Problem: Return the records below exactly; pictures stay out.

Records provided:
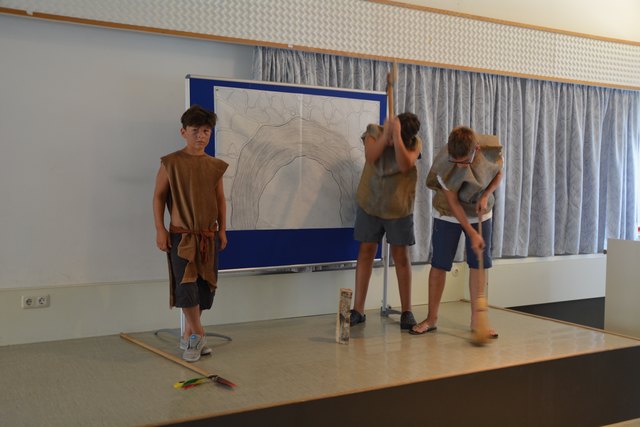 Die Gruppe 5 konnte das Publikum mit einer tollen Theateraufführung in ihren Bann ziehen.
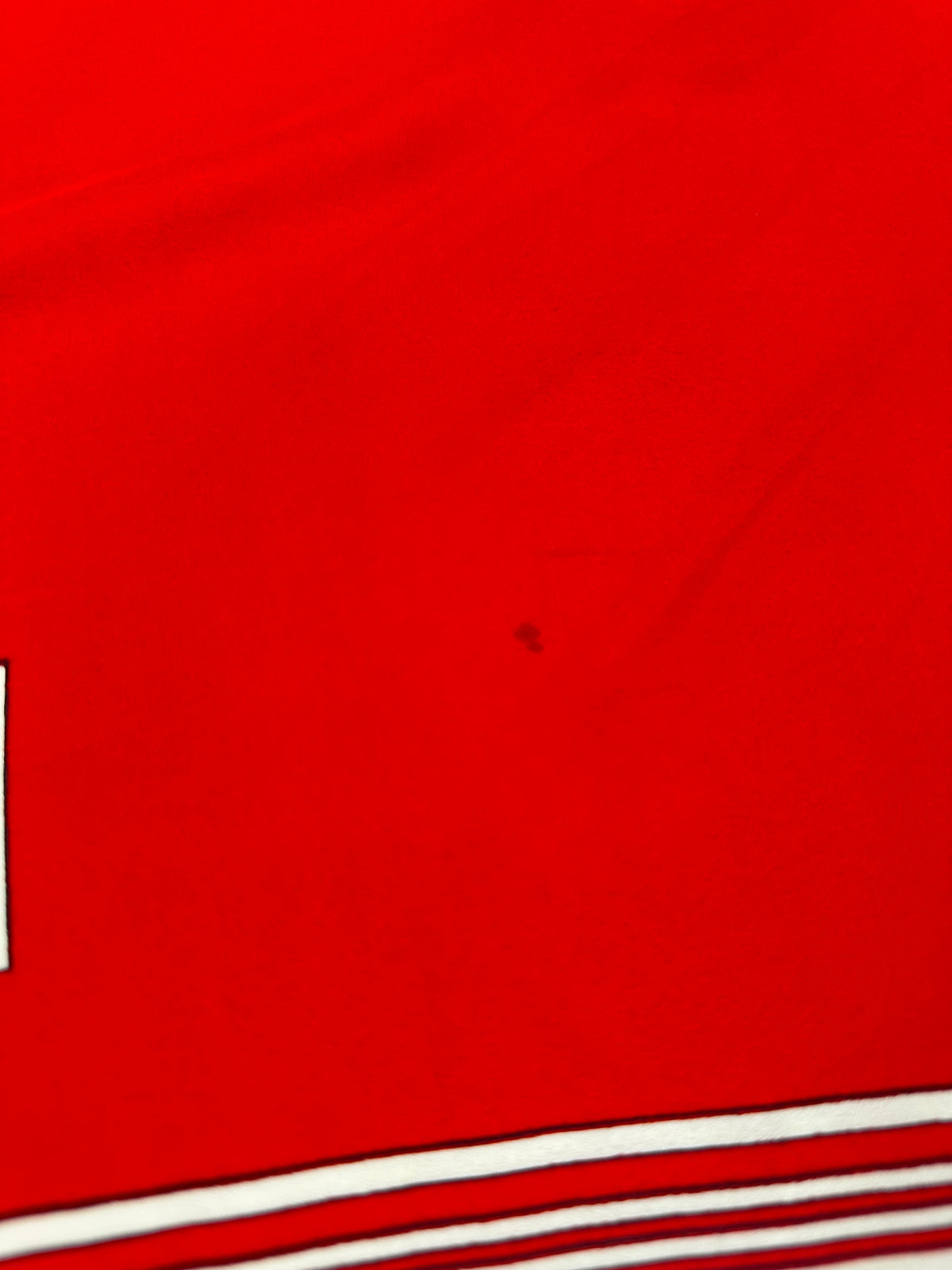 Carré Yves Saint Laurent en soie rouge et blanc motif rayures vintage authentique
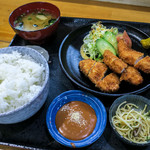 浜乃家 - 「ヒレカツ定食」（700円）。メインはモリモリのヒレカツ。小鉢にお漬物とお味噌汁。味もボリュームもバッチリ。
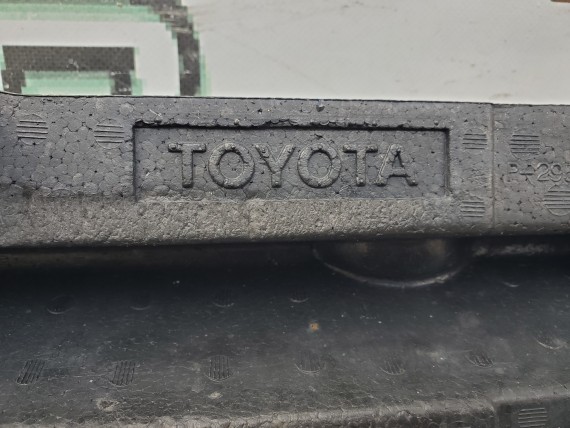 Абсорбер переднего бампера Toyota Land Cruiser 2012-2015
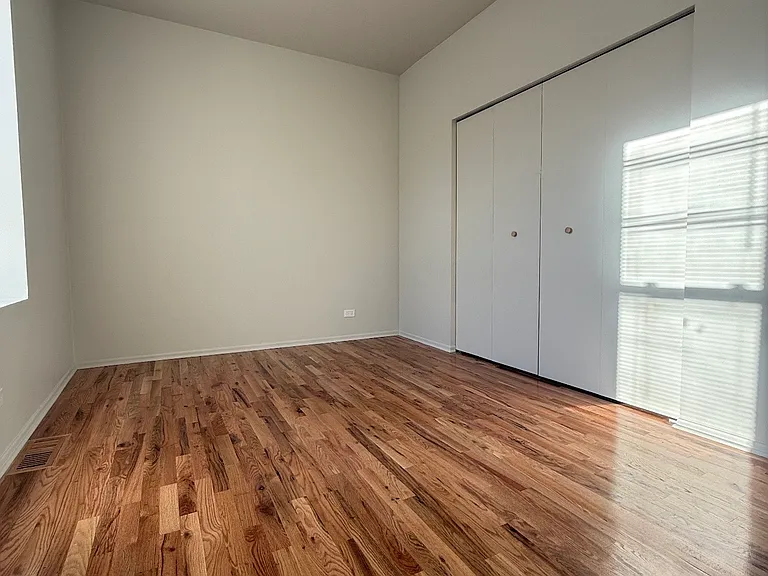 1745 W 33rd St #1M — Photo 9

Output for this exercise:
 Die Gruppe 5 konnte das Publikum mit einer tollen Theateraufführung in ihren Bann ziehen.
 Carré Yves Saint Laurent en soie rouge et blanc motif rayures vintage authentique
 浜乃家 - 「ヒレカツ定食」（700円）。メインはモリモリのヒレカツ。小鉢にお漬物とお味噌汁。味もボリュームもバッチリ。
 Абсорбер переднего бампера Toyota Land Cruiser 2012-2015
 1745 W 33rd St #1M — Photo 9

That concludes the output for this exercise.